Quale fu il ‘segreto’ di Enrichetta? Quale il suo messaggio ancor valido per noi, oggi?
Enrichetta ha certamente saputo incarnare la Parola di Dio nella sua vita; guardando a Lei, abbiamo davanti agli occhi un Vangelo illustrato.
Bellissima è la rappresentazione della pagina dell’Annunciazione: Enrichetta ha compiuto sempre con gioia la volontà di Dio, sentendosi, come Maria, una piccola, umile serva del Signore. Lei ci insegna a dire di sì a Dio, anche quando questo può costarci fatica, rinunzia, sacrifici.
Inoltre, ha fatto sua la parola di san Paolo: ‘Non conformatevi alla mentalità di questo mondo’ (Rm 12,2), e così ha saputo fare scelte coraggiose e controcorrente, pur di nulla anteporre all’amore di Cristo. Questo ci esorta a non accontentarci di una vita mediocre, ma a tendere alla santità con tutte le nostre forze: una santità ordinaria – eppure eroica –, come quella vissuta da lei, che sentì maturare in sé quella che potremmo definire la vocazione di Nazareth, la ‘spiritualità della casa’, della vita quotidiana.
Soprattutto Enrichetta sentì rivolta a sé personalmente fin dall’infanzia la parola di Gesù: ‘Rimanete nel mio amore!’. E vi rimase, radicandosi sempre di più nell’amore attraverso la preghiera, la vita sacramentale, le opere di carità e anche l’offerta della sua personale sofferenza, finché a tarda, tardissima età il Signore la chiamò nel suo Regno di luce infinita, immergendola nell’Oceano dell’Amore.

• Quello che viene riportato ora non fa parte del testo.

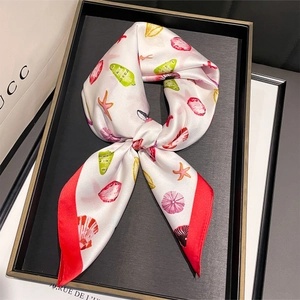 Détail d'un foulard en soie avec imprimés de coquillages et bordure rouge vif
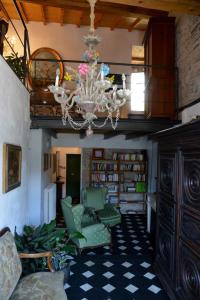 a living room with a chandelier and some chairs at La Terrazza di Vico Olivi B&B in Ventimiglia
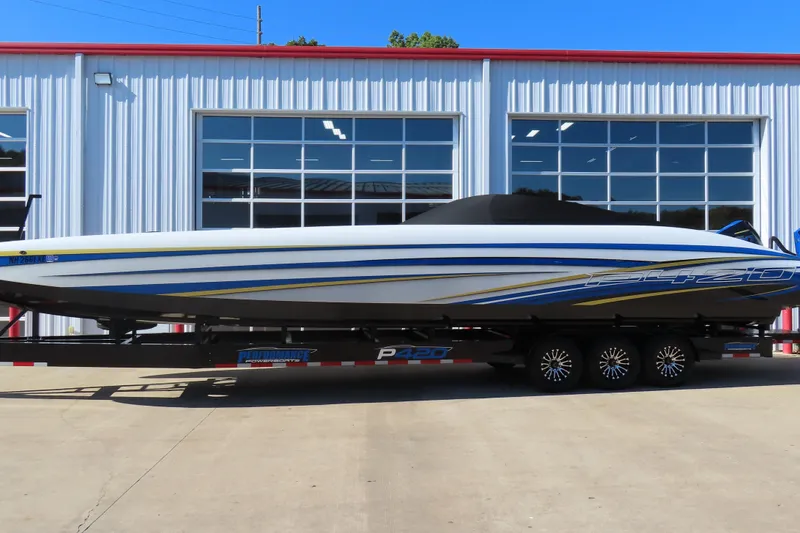 Slide: The Image of 2025 Performance Powerboats P420 on trailer, sleek design, parked outside a modern garage. - 2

Rimanere nell’amore, rimanere saldi nella fede e nella speranza, rimanere fedeli alla nostra vocazione, fedeli alla vita di preghiera: tutto questo non è facile per noi, sempre tentati di scoraggiarci, di venir meno, di sentire vani i nostri sforzi di fronte all’immensità del dolore umano, allo sgretolarsi della società per la scristianizzazione in atto, all’indifferentismo. I santi ci sono offerti come modello e come aiuto, ci sono di stimolo e di incitamento. ‘Si isti et istæ, cur non ego?’, diceva sant’Agostino: se questi e quelle sono stati capaci di tanto, perché non anch’io, con la grazia di Dio?
Ringraziamo, dunque, il Signore, per il dono di Enrichetta e chiediamo a Lei di sostenerci nel cammino di testimonianza cristiana, per fare – come lei fece – della nostra vita un Magnificat, un canto di lode alla gloria di Dio, salendo con umiltà la scala della santità, fino alle sublimi vette del cielo”.